Re: [PATCH v2 12/19] read-cache: read index-v5

All of lore.kernel.org
 help / color / mirror / Atom feed

From: Thomas Gummerer <t.gummerer@gmail.com>
To: Duy Nguyen <pclouds@gmail.com>
Cc: Git Mailing List <git@vger.kernel.org>,
	Thomas Rast <trast@inf.ethz.ch>,
	Michael Haggerty <mhagger@alum.mit.edu>,
	Junio C Hamano <gitster@pobox.com>,
	Robin Rosenberg <robin.rosenberg@dewire.com>,
	Eric Sunshine <sunshine@sunshineco.com>
Subject: Re: [PATCH v2 12/19] read-cache: read index-v5
Date: Wed, 07 Aug 2013 10:13:42 +0200	[thread overview]
Message-ID: <87mwotrk95.fsf@gmail.com> (raw)
In-Reply-To: <CACsJy8C6HRCYMR3Q=j-D=2kgzvA7=0tauSnwrjpXzSPZWe+VZw@mail.gmail.com>

Duy Nguyen <pclouds@gmail.com> writes:

> On Sat, Jul 13, 2013 at 12:26 AM, Thomas Gummerer <t.gummerer@gmail.com> wrote:
>> +struct directory_entry {
>> +       struct directory_entry *next;
>> +       struct directory_entry *next_hash;
>> +       struct cache_entry *ce;
>> +       struct cache_entry *ce_last;
>> +       struct conflict_entry *conflict;
>> +       struct conflict_entry *conflict_last;
>> +       unsigned int conflict_size;
>> +       unsigned int de_foffset;
>> +       unsigned int de_cr;
>> +       unsigned int de_ncr;
>> +       unsigned int de_nsubtrees;
>> +       unsigned int de_nfiles;
>> +       unsigned int de_nentries;
>> +       unsigned char sha1[20];
>> +       unsigned short de_flags;
>> +       unsigned int de_pathlen;
>> +       char pathname[FLEX_ARRAY];
>> +};
>> +
>> +struct conflict_part {
>> +       struct conflict_part *next;
>> +       unsigned short flags;
>> +       unsigned short entry_mode;
>> +       unsigned char sha1[20];
>> +};
>> +
>> +struct conflict_entry {
>> +       struct conflict_entry *next;
>> +       unsigned int nfileconflicts;
>> +       struct conflict_part *entries;
>> +       unsigned int namelen;
>> +       unsigned int pathlen;
>> +       char name[FLEX_ARRAY];
>> +};
>> +
>> +struct ondisk_conflict_part {
>> +       unsigned short flags;
>> +       unsigned short entry_mode;
>> +       unsigned char sha1[20];
>> +};
>
> These new structs should probably be in read-cache-v5.c, or read-cache.h

Makes sense, thanks.

>>  #define cache_entry_size(len) (offsetof(struct cache_entry,name) + (len) + 1)
>> +#define directory_entry_size(len) (offsetof(struct directory_entry,pathname) + (len) + 1)
>> +#define conflict_entry_size(len) (offsetof(struct conflict_entry,name) + (len) + 1)
>
> These are used by read-cache-v5.c only so far. I'd say move them to
> read-cache.h or read-cache-v5.c together with the new structs.

Thanks.

>> +struct ondisk_cache_entry {
>> +       unsigned short flags;
>> +       unsigned short mode;
>> +       struct cache_time mtime;
>> +       unsigned int size;
>> +       int stat_crc;
>> +       unsigned char sha1[20];
>> +};
>> +
>> +struct ondisk_directory_entry {
>> +       unsigned int foffset;
>> +       unsigned int cr;
>> +       unsigned int ncr;
>> +       unsigned int nsubtrees;
>> +       unsigned int nfiles;
>> +       unsigned int nentries;
>> +       unsigned char sha1[20];
>> +       unsigned short flags;
>> +};
>
> Perhaps use uint32_t, uint16_t and friends for all on-disk structures?

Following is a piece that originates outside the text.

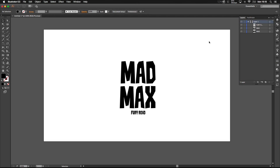Alright, so here we are in Illustrator and this is the Mad Max text. The font I'm using is Kaiju Monster and I think it looks pretty cool. If you want to download it, make sure to check the description below for a download link and you should be able to get it.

We got this in the makefile, so I think we should be fine without it.
It still makes sense for clarity though I think.

         ifdef NO_UINTMAX_T
	       BASIC_CFLAGS += -Duintmax_t=uint32_t
         endif

While at it I'll make the code for v[234] use them too.

>> +static struct directory_entry *read_directories(unsigned int *dir_offset,
>> +                               unsigned int *dir_table_offset,
>> +                               void *mmap,
>> +                               int mmap_size)
>> +{
>> +       int i, ondisk_directory_size;
>> +       uint32_t *filecrc, *beginning, *end;
>> +       struct directory_entry *current = NULL;
>> +       struct ondisk_directory_entry *disk_de;
>> +       struct directory_entry *de;
>> +       unsigned int data_len, len;
>> +       char *name;
>> +
>> +       /*
>> +        * Length of pathname + nul byte for termination + size of
>> +        * members of ondisk_directory_entry. (Just using the size
>> +        * of the struct doesn't work, because there may be padding
>> +        * bytes for the struct)
>> +        */
>> +       ondisk_directory_size = sizeof(disk_de->flags)
>> +               + sizeof(disk_de->foffset)
>> +               + sizeof(disk_de->cr)
>> +               + sizeof(disk_de->ncr)
>> +               + sizeof(disk_de->nsubtrees)
>> +               + sizeof(disk_de->nfiles)
>> +               + sizeof(disk_de->nentries)
>> +               + sizeof(disk_de->sha1);
>> +       name = ptr_add(mmap, *dir_offset);
>> +       beginning = ptr_add(mmap, *dir_table_offset);
>> +       end = ptr_add(mmap, *dir_table_offset + 4);
>> +       len = ntoh_l(*end) - ntoh_l(*beginning) - ondisk_directory_size - 5;
>> +       disk_de = ptr_add(mmap, *dir_offset + len + 1);
>> +       de = directory_entry_from_ondisk(disk_de, name, len);
>> +       de->next = NULL;
>> +
>> +       data_len = len + 1 + ondisk_directory_size;
>> +       filecrc = ptr_add(mmap, *dir_offset + data_len);
>> +       if (!check_crc32(0, ptr_add(mmap, *dir_offset), data_len, ntoh_l(*filecrc)))
>> +               goto unmap;
>> +
>> +       *dir_table_offset += 4;
>> +       *dir_offset += data_len + 4; /* crc code */
>> +
>> +       current = de;
>> +       for (i = 0; i < de->de_nsubtrees; i++) {
>> +               current->next = read_directories(dir_offset, dir_table_offset,
>> +                                               mmap, mmap_size);
>> +               while (current->next)
>> +                       current = current->next;
>> +       }
>> +
>> +       return de;
>> +unmap:
>> +       munmap(mmap, mmap_size);
>> +       die("directory crc doesn't match for '%s'", de->pathname);
>> +}
>
> You don't have to munmap when you die() anway.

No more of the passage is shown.